L’Etat d’Urgence ordonné par le Président François Hollande permet aux force de l’ordres de perquisitionner sans le feu vert d’un juge. Cette opération a été demandé par les services de renseignement français par craintes de nouveaux attentats.

Une des premières interventions après celle de la ville de Moleenbeek en Belgique a lieu à Bobigny en banlieue parisienne. Selon plusieurs médias dont RMC, cette opération est en lien direct avec les attentats de Paris vendredi soir.

L’appartement a été louer par Brahim Abdelslam pour la période du 10 au 17 Novembre.
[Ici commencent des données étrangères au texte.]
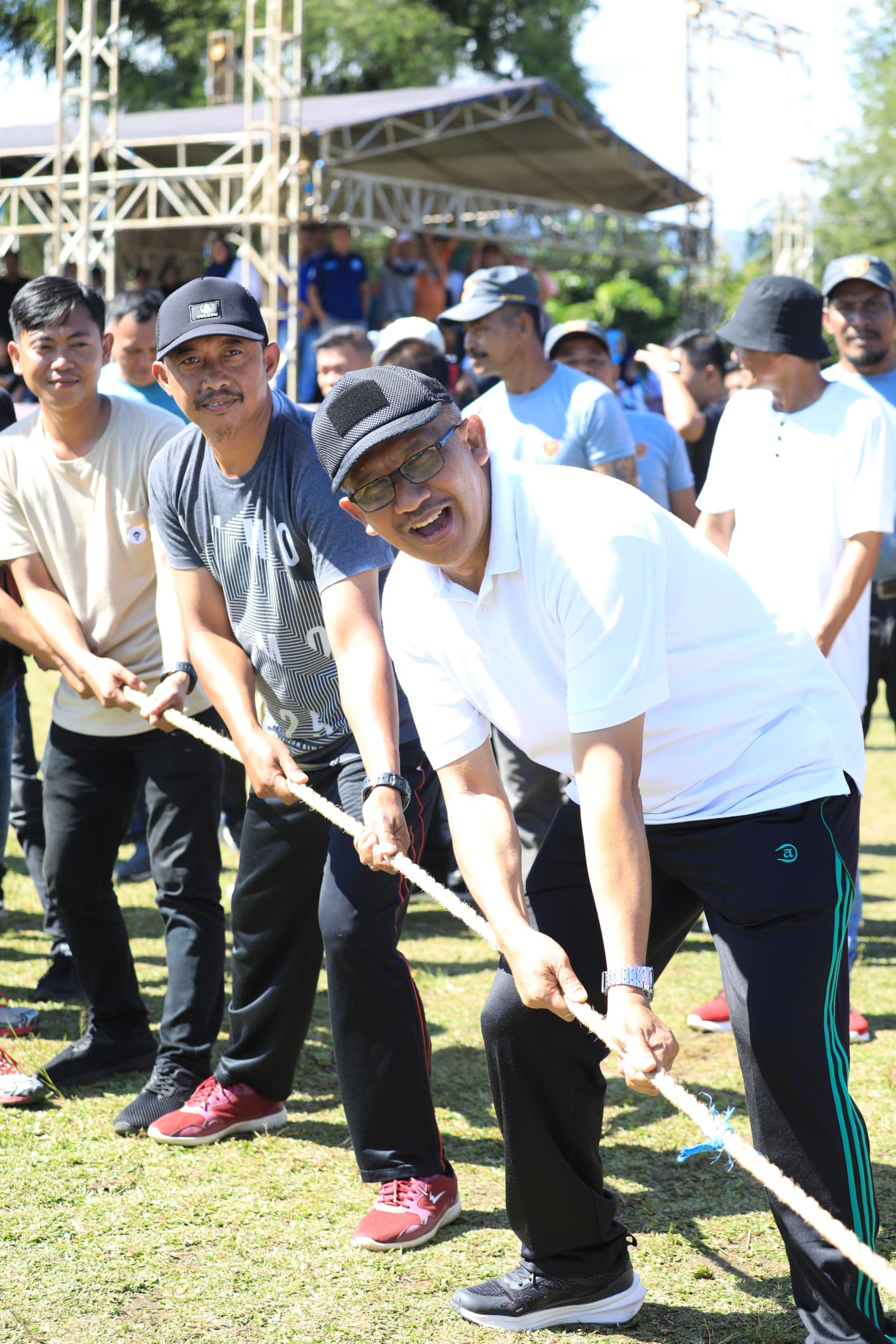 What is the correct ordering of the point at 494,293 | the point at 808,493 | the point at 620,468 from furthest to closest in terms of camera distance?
the point at 494,293 → the point at 620,468 → the point at 808,493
Le propriétaire des lieux expliquait à la police que les trois hommes se sont présentés comme des membres dun société de sécurité belge. Sur place des téléphones encore dans leur emballages ont été retrouvés mais la perquisition n’a finalement rien donné puisque qu’aucune arme n’a été retrouvée.

A Lyon, les opérations ont donné lieu à de nombreuses arrestations dans plusieurs villes voisines de la commune. Le profil des gens interpellés correspondraient plus à celui de délinquant que de potentiels terroristes. Un vrai arsenal de guerre à cependant été saisi: Des pistolets, une kalachnikov des gilets pare-balles et même un lance roquette.

Au total il y aura eu dans les dernières 48h pas moins de 168 perquisitions dans des domiciles, 23 interpellations et la saisie de 31 armes a annoncé Bernard Cazeneuve ce matin.

«Tous les éléments recueillis cette nuit seront utiles pour démanteler des bandes et, le cas échéant, des filières terroristes»

En plus des interpellations «104 assignations à résidence »  ont été prononcées contres des «individus qui font l’objet d’une attention particulière de nos services».

Le pays est désormais lancé dans une traque sans relâche. La question de la mobilisation d’effectifs policiers est cruciale mais selon Christophe Rouget ( syndicat des cadres de la sécurité intérieur) «  on ne peut pas demander aux policiers de patrouiller nuits et jours, sur tous les fronts: perquisitions, sécurité de la COP21, la gestion des arrivées des migrants… ».

Depuis 24h les faux signalements se multiplient et ne facilitent pas le travail des forces de polices.

L’Etat d’urgence a permis aux autorités de perquisitionner le domicile d’individus qui ne faisaient pas l’objet d’une enquête judiciaire, mais qui avaient été identifiés comme des personnes dites à risques, des individus radicalisés ou des délinquants potentiels.